US Senate increases pressure on Argentinian government to apprehend 1994 AMIA bombing suspects
On Friday, the US imposed financial sanctions on Salman Raouf Salman, a Hezbollah leader suspected of masterminding the attack
A US Senate resolution has increased the pressure on the Argentine government to press on with its investigation and apprehend the suspects of the 1994 bombing of the Argentine Israelite Mutual Association (AMIA) Jewish Community Centre in Buenos Aires, which killed 85 people and wounded more than 300 others.
The Hezbollah group and Iranian officials are suspected to be behind the attack, the deadliest in Argentina’s history, though both have denied any responsibility.
The resolution comes as United States on Friday imposed financial sanctions on Salman Raouf Salman, a Hezbollah leader suspected of masterminding the attack.
The US Treasury sanctioned Salman for acting for or on behalf of Hezbollah, while the State Department is offering a $7 million reward for information on his location.
Salman "coordinated a devastating attack in Buenos Aires, Argentina against the largest Jewish centre in South America 25 years ago and has directed terrorist operations in the Western Hemisphere for Hezbollah ever since," said Sigal Mandelker, the US Treasury's Under Secretary for Terrorism and Financial Intelligence.
Argentina is home to the largest Jewish community in Latin America and is the sixth largest in the world outside Israel.
On Thursday, on the 25th anniversary of the bombing, Argentina became the first Latin American country to deem Hezbollah a terrorist organisation, throwing the investigation into the attack, which is still ongoing, back into the spotlight.
The five former Iranian officials who are suspected to be behind the attack are able to travel internationally without impunity, the Senate resolution said.
“For 25 years, the investigation into the bombing has been stymied by international inaction, political interference, investigative misconduct and allegations of cover ups, including the removal of the federal judge in charge of the case in 2005 for “serious” irregularities in his handling of the case,” the resolution read.
The resolution made reference to Argentine special prosecutor Alberto Nisman, who was handling the investigation.

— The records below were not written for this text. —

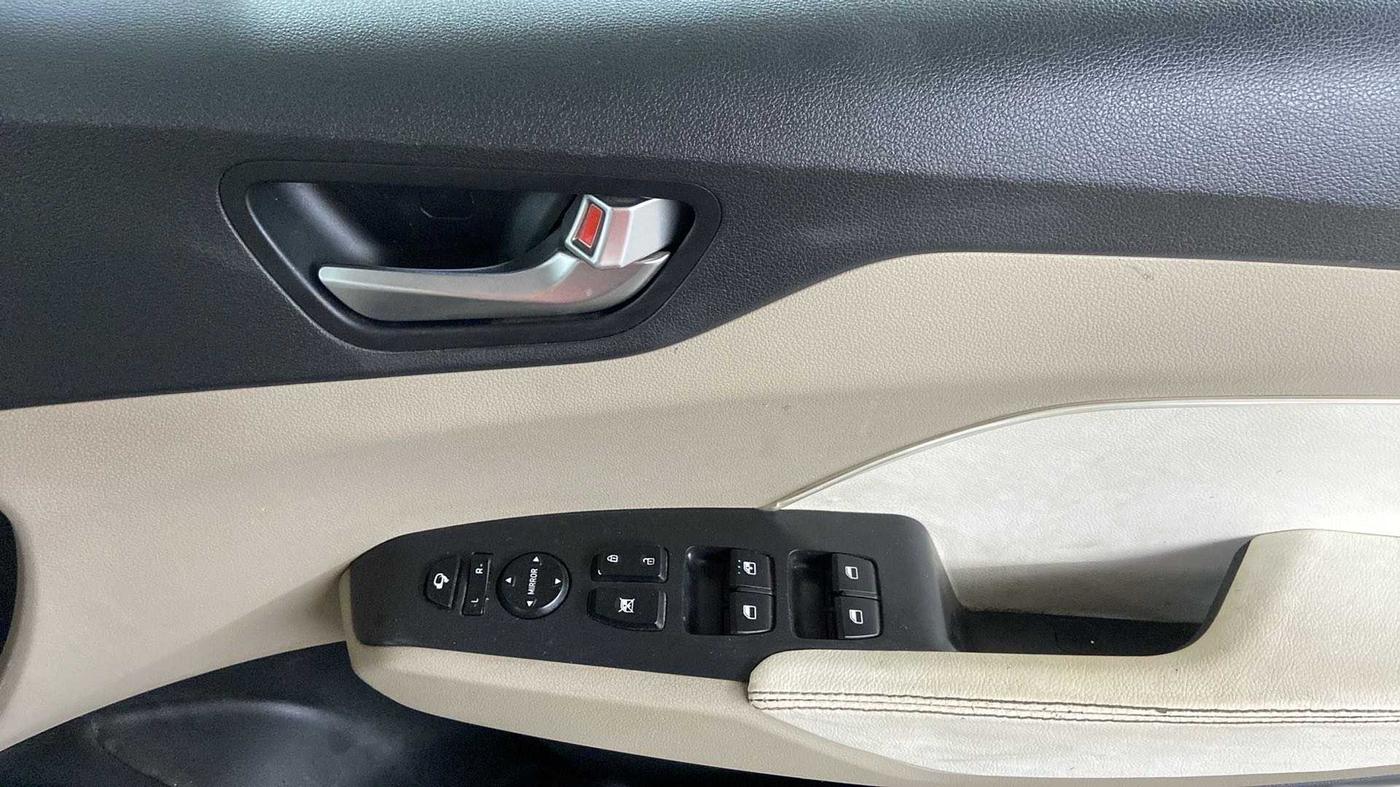 2020 Hyundai Verna SX 1.5 VTVT, Petrol, Manual, 43,734 km, Driver Side Door Panels Control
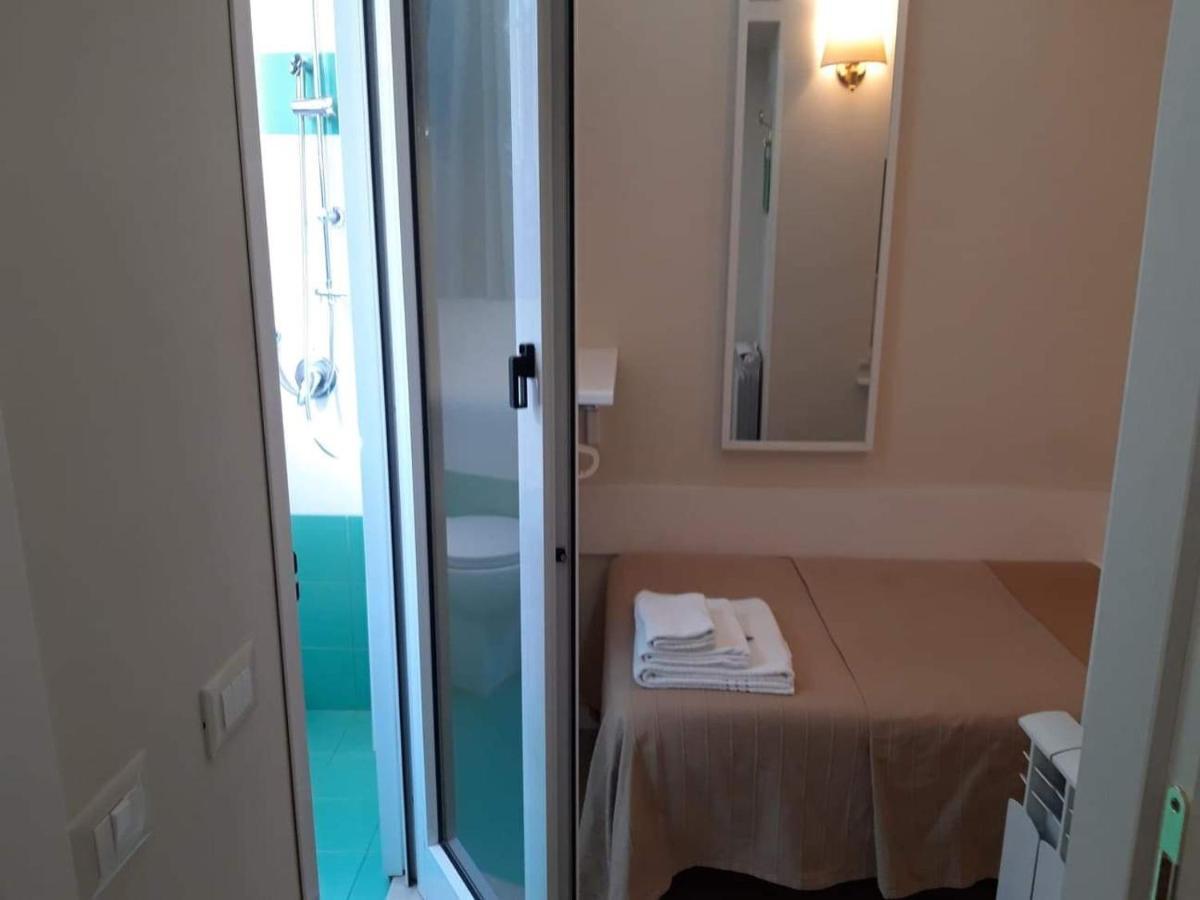 Small Single Room Rzym Zewnętrze zdjęcie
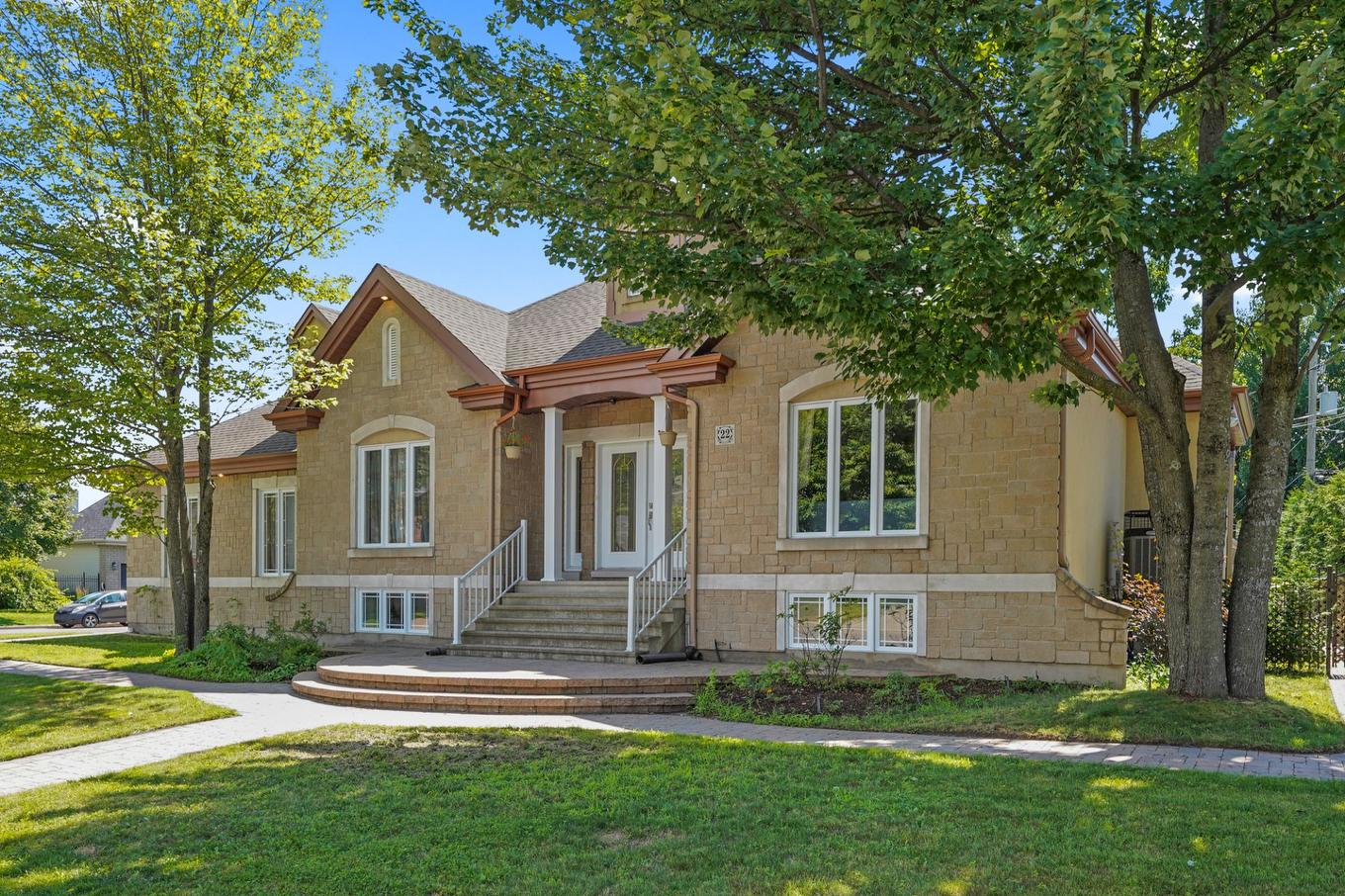 Façade - 22 Rue Des Doublons, Blainville, QC - Outdoor With Facade
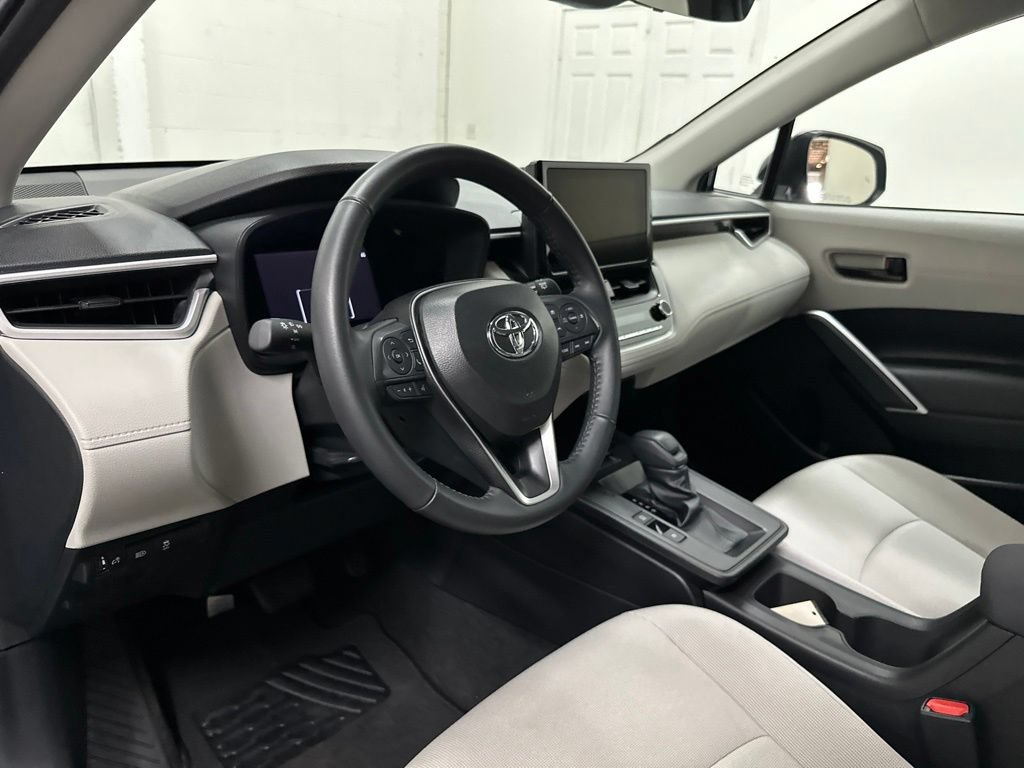 Used 2026 Toyota Corolla Cross LE FWD image 28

He accused Cristina Elisabet Fernández de Kirchner, the President of Argentina at the time, of colluding with the Iranian government to cover up the terrorist attack.
Nisman was found dead as a result of a gunshot wound in his head in his Buenos Aires apartment in January 2015, the day before he was due present his findings to a commission of the Argentine National Congress. In a trash can at the scene, police found a draft of a legal document, written by Nisman but never executed, clearing the way for Kirchner's arrest.
“Argentina may have designated Hezbollah but it remains clear it was backed by and masterminded by Iran," Toby Dershowitz, a senior vice president at the Foundation for Defence of Democracies told The National. "Iran is a member of Interpol and yet it continues to refuse to hand over the five former Iranian officials who have red notices akin to international arrest warrants in connection with their role in the AMIA bombing."
“Our research shows that these red notice holders, along with a couple of others that have international arrest warrants by Argentina, have travelled to 20 countries with impunity,” added Ms Dershowitz.
“My hope would be that this new focus on Argentina on deadliest bombing also leads to countries co-operating with Interpol and Argentina in apprehending those individuals with the red notices.”
She added that Argentinian officials are having conversations with officials from other Latin American countries about Hezbollah threat levels, which have been known to operate in the tri-border area of Argentina, Brazil and Paraguay.